To throw a lacrosse ball, you want to combine body positioning and technique. First, you want to hold your stick properly.
- Place your dominant hand in the middle of your stick, and your weak hand on the bottom or butt-end of your stick. Your dominant hand (top-hand) will be the most important aspect of throwing a good pass. The accuracy comes from your top hand, and the power comes from the bottom hand.
Body positioning to throw a lacrosse ball:
- You want your body to be sideways when throwing a lacrosse ball. Similar to how a pitcher throws a baseball. You DO NOT want your body to be facing the target directly with your shoulders square.
- Instead, you want one should facing directly at your target with your body sideways, your head turned to the side facing the target, your front foot pointed towards the target (left foot if you are throwing righty)
Once your body and stick and in the right positing, you can bring the throwing motion. You will want to keep your hands and arms out away from your body. You also want your hands and arms raised up to be about even with your facemasks.
Next, you will use your hands and arms to move your stick like a catapult. At the same time, you will bring your hands and arms across your body towards the target. Do these two motions simultaneously to increase power and accuracy.

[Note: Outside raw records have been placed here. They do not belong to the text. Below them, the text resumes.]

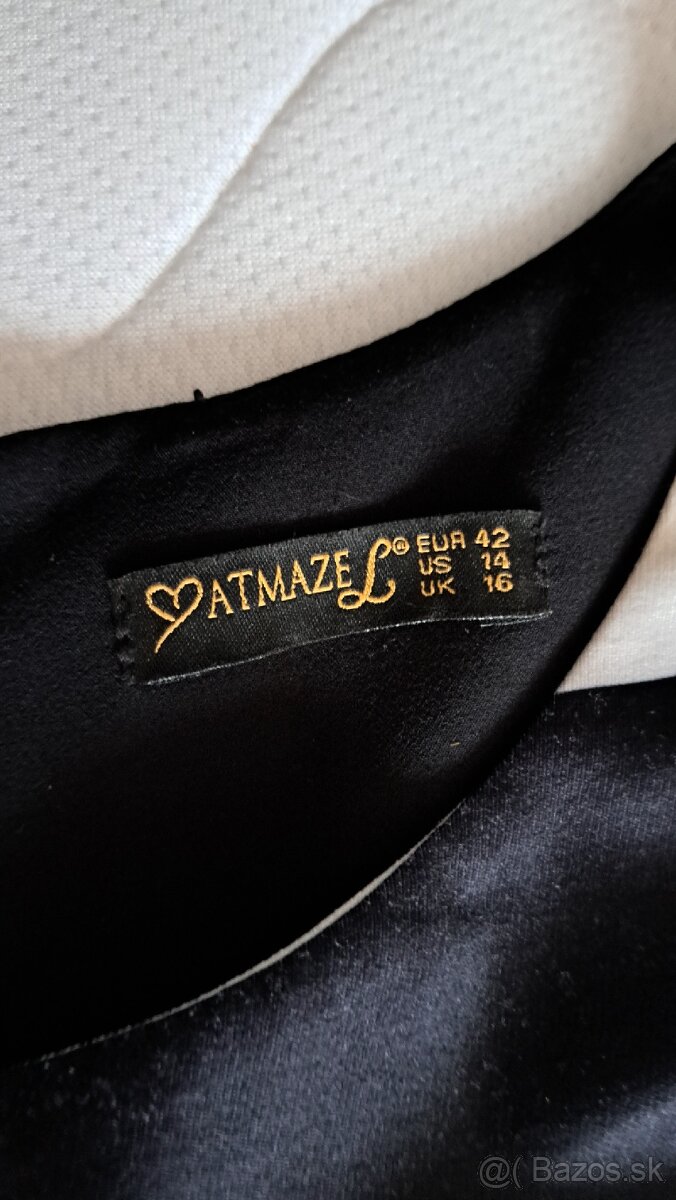 ATMAZE puzdrové šaty S/M - 2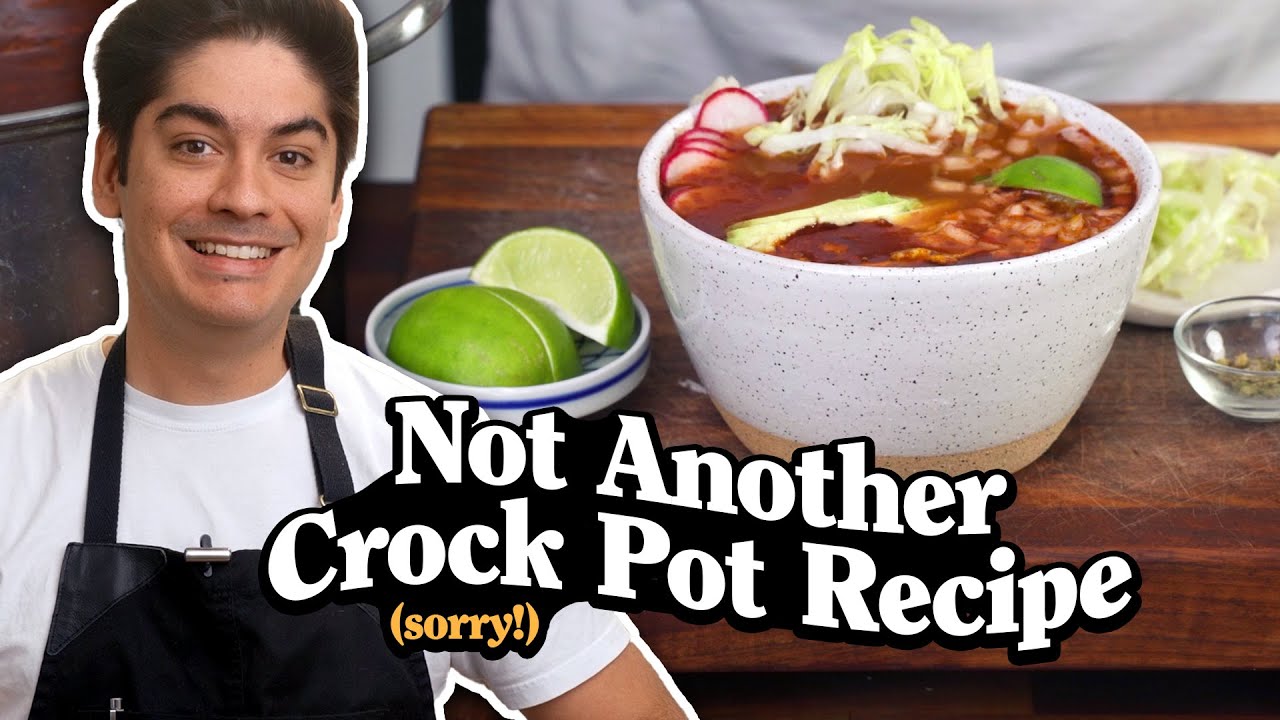 Sadly, You Can't Make Pozole in a Crock Pot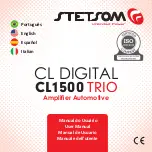 Preview for 1 page of StetSom CL DIGITAL User Manual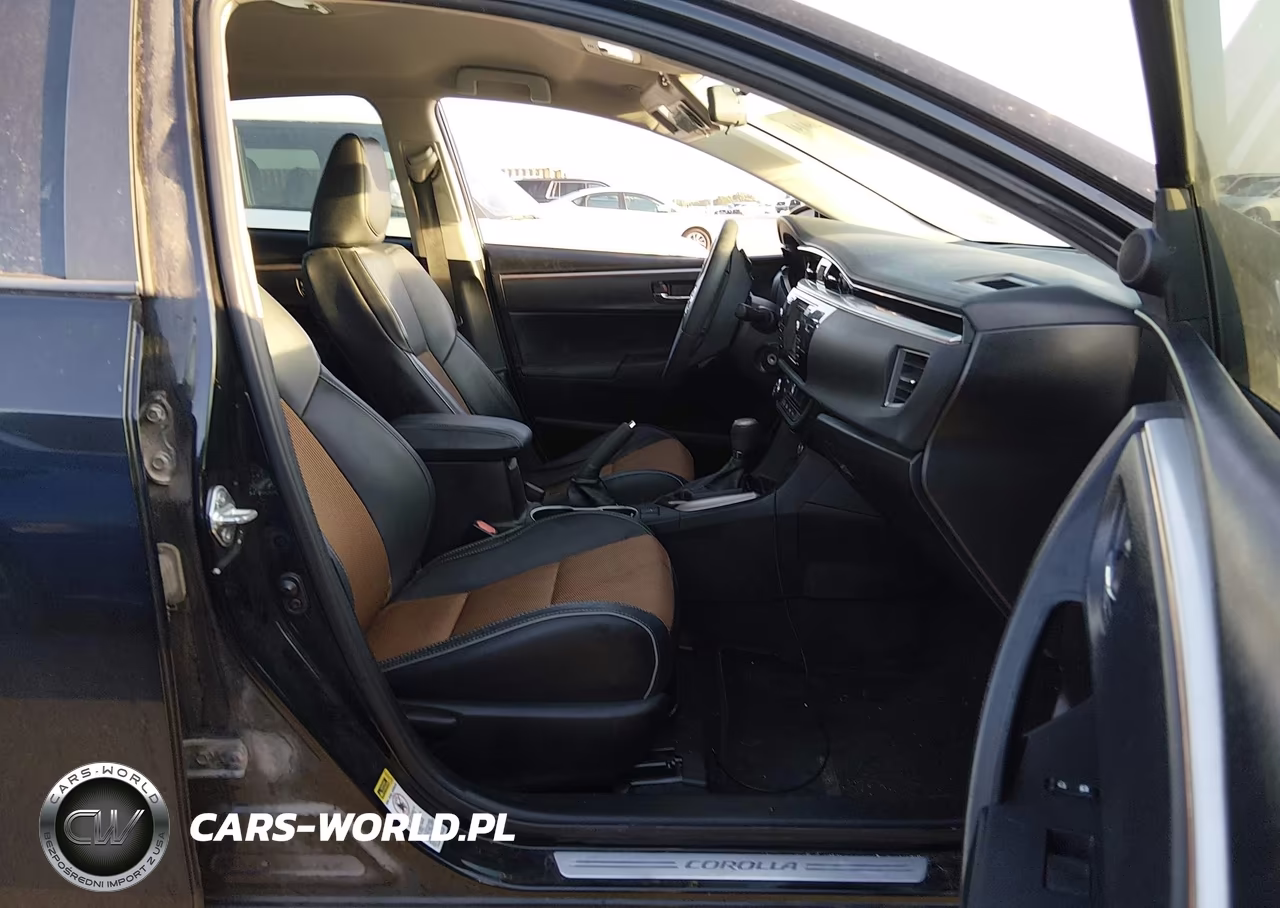 2015 Toyota Corolla S Plus VIN:5YFBURHE6FP250536 - 5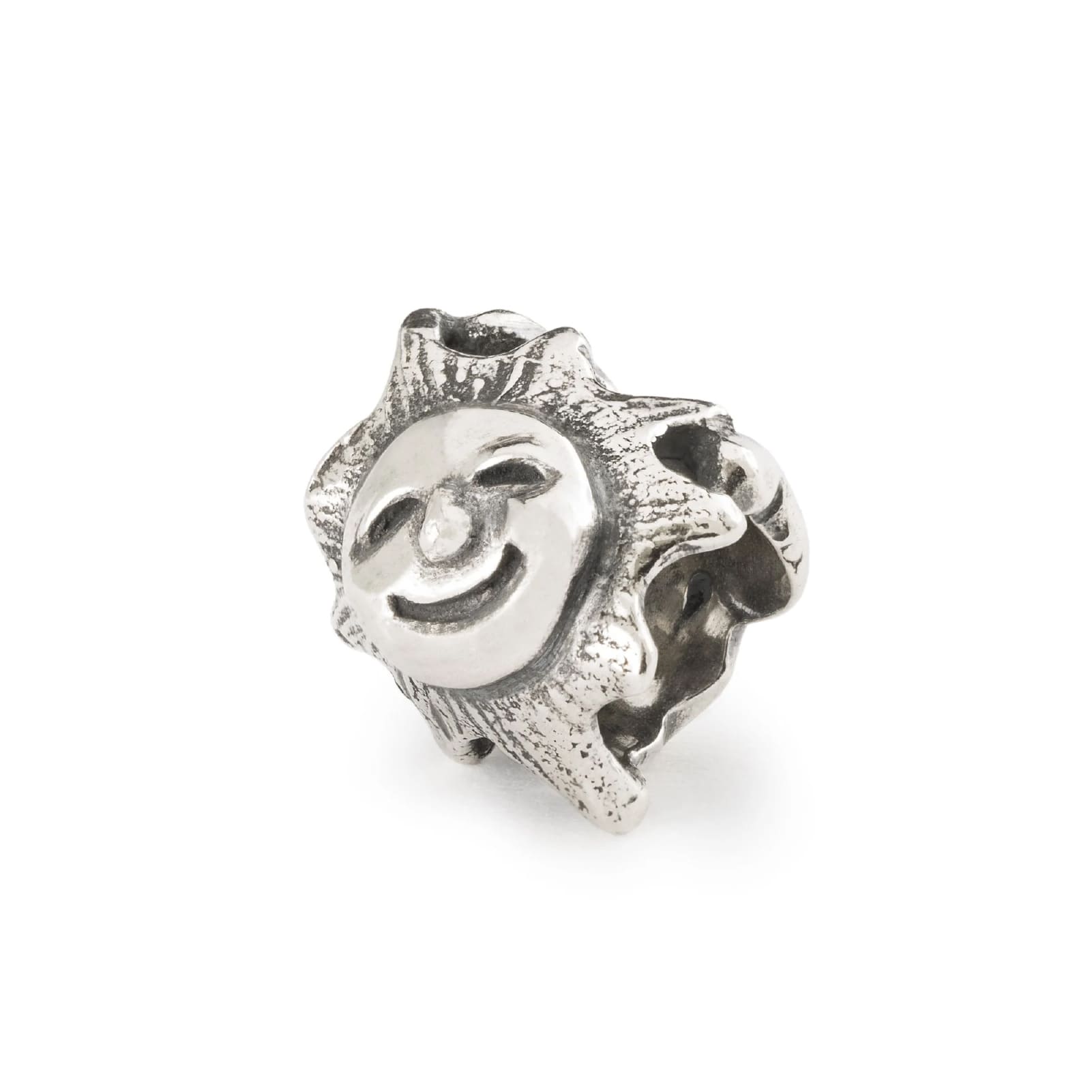 Beads da donna Trollbeads in argento a forma di sole MISURA UNICA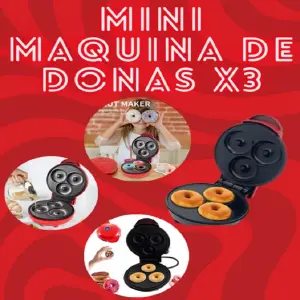MAQUINA DE DONAS X 3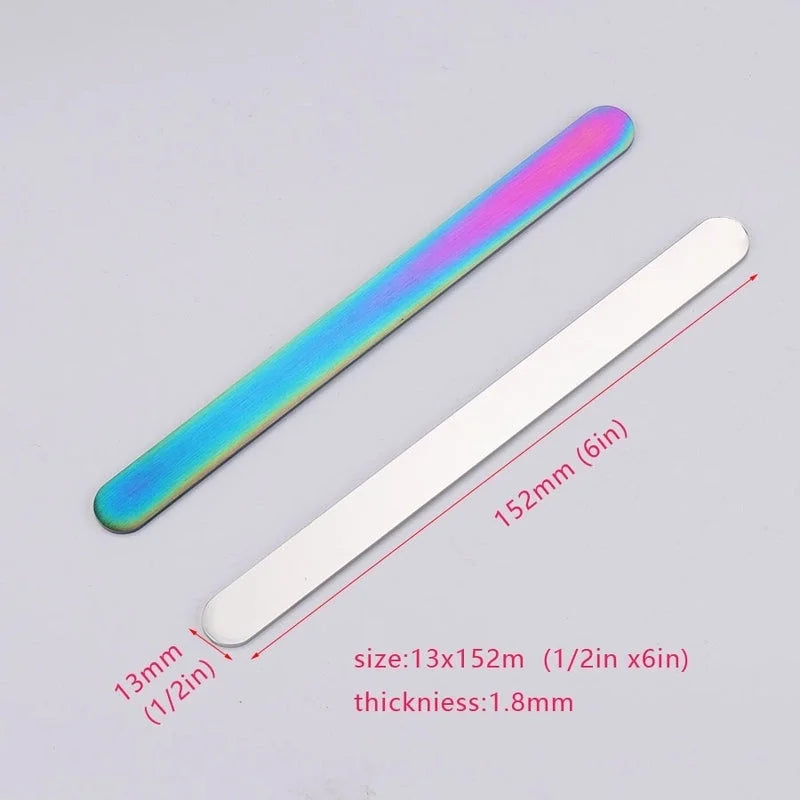 Minimalist Solid Color 304 Stainless Steel Bangle In Bulk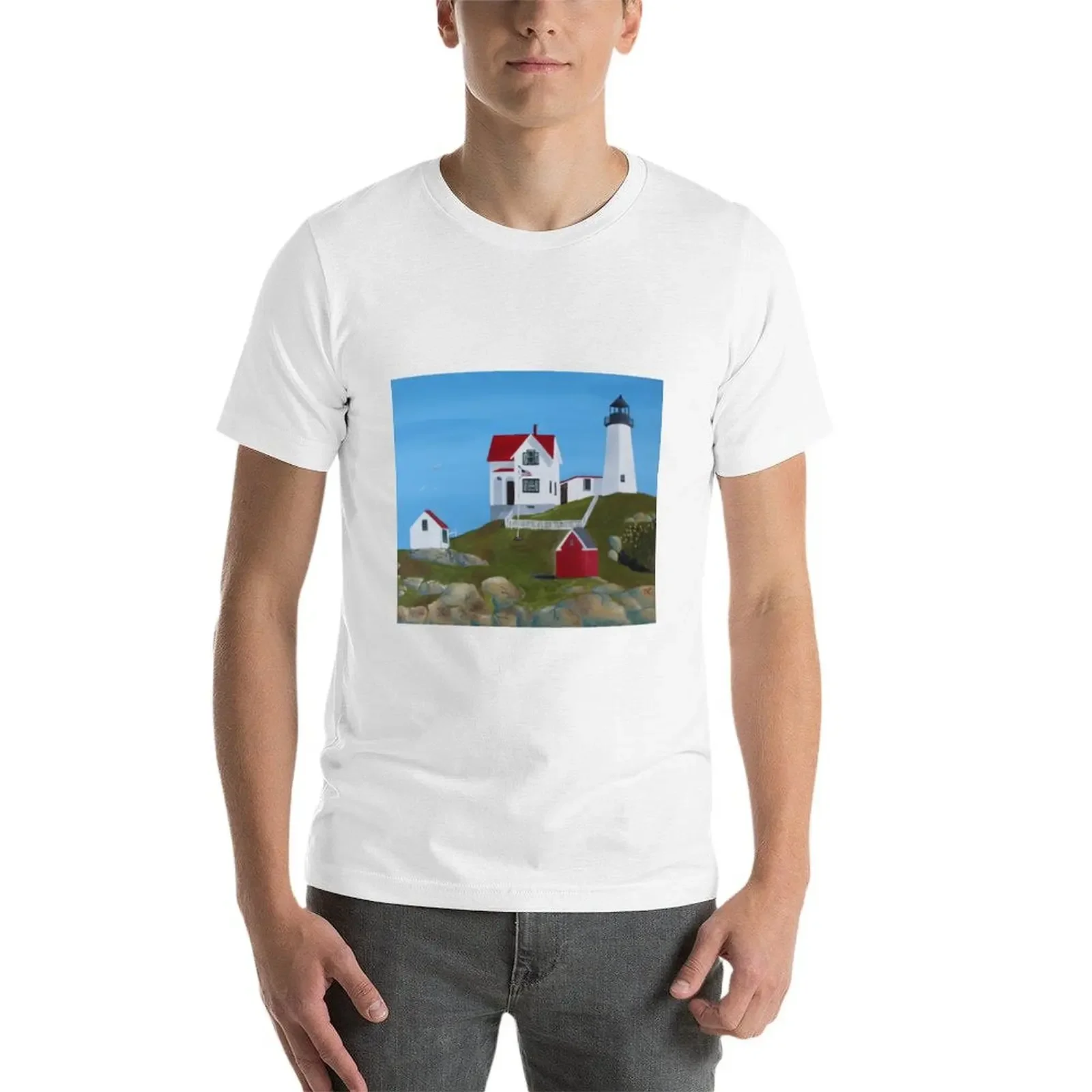 Мужская футболка с принтом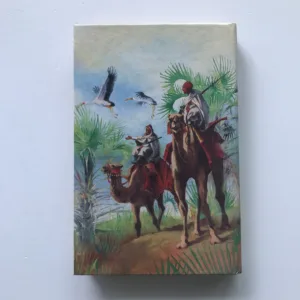 V ebenové zemi, Karel May, Jan Hora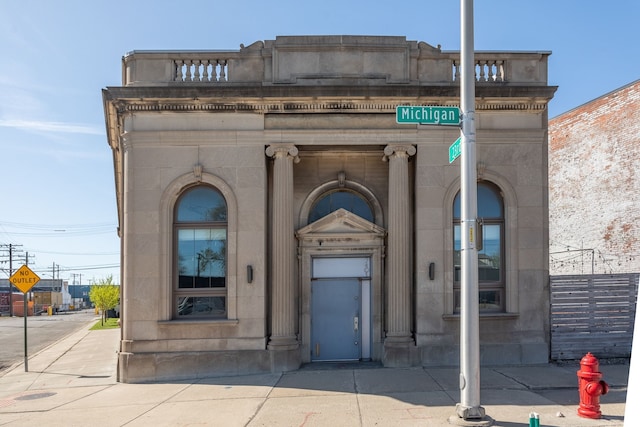 3401 Michigan Ave, Detroit, MI 48216 - view of exterior entry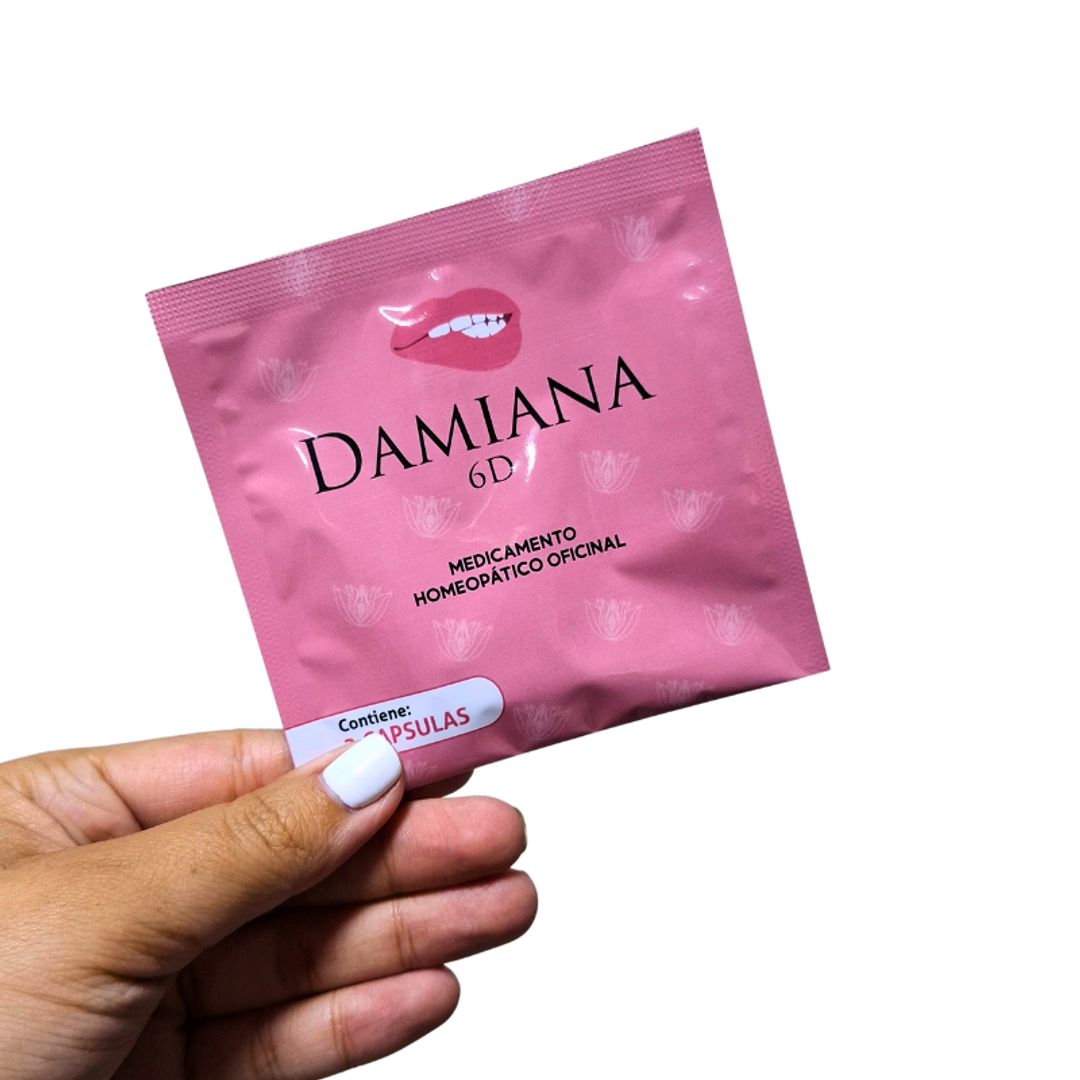 Damiana - sachet - Revitalizante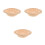 3Pcs Handwoven Bamboo Bread Baskets For Bread Fruits Snacks Decor 7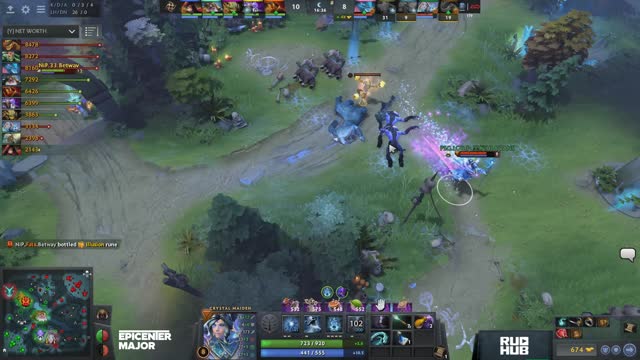 NiP.Saksa kills PSG.LGD.Ame!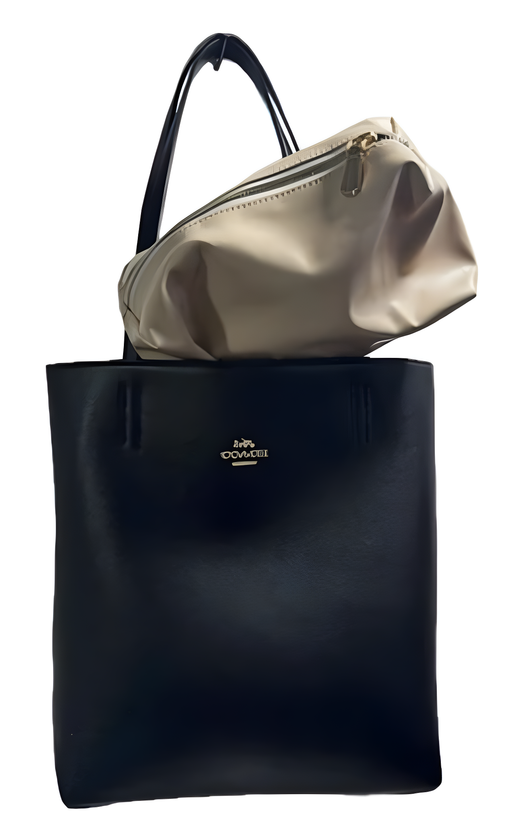 کیف کوچ ایستاده دوقلو مدل ستایش طرح Coach شیک و جادار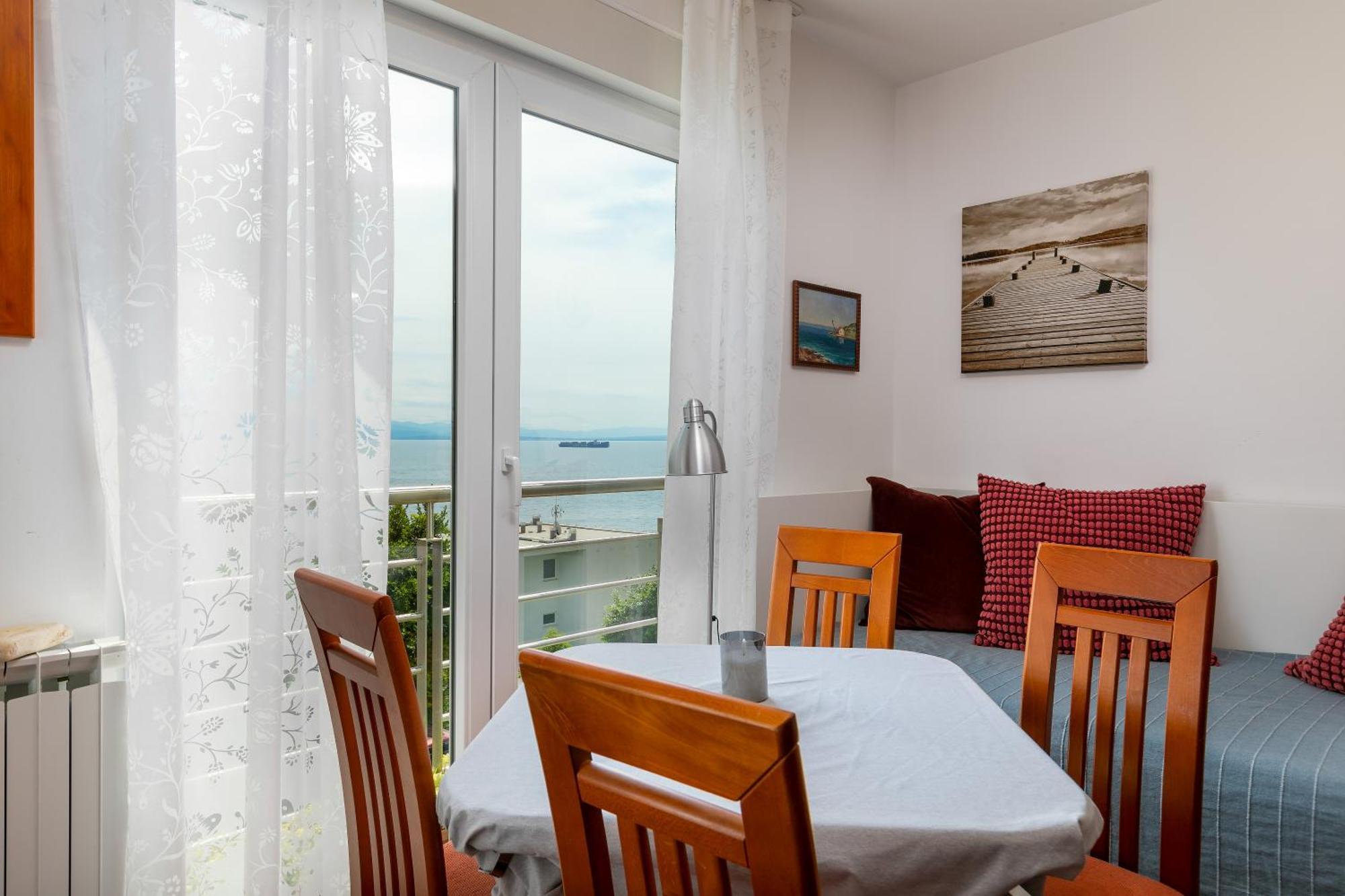 Old Lady Opatija Apartment Luaran gambar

It is important to think about your stick and how the ball is being released from your head. Ideally, you want the stick to stay perpendicular to the ground, and for it to follow through directly overhead, so that the ball comes out straight out of the top center of the head. This will help with accuracy.
It is common for people to naturally throw at a ¾ angle or even closer to a sidearm throw, but this is much less accurate. That should be used as you get more advanced. For beginners or people having trouble with accuracy, you want the throw to come all the way over the top.
To get better at throwing, spend time throwing and catching with a partner or against a wall or backstop. Experiment by throwing with just one hand at a time (primarily your dominant hand.) Try to walk further and further away from your target while throwing hard, crisp passes. (not high looping passes. Instead throw passes on a “frozen rope” as many lacrosse coaches like to say)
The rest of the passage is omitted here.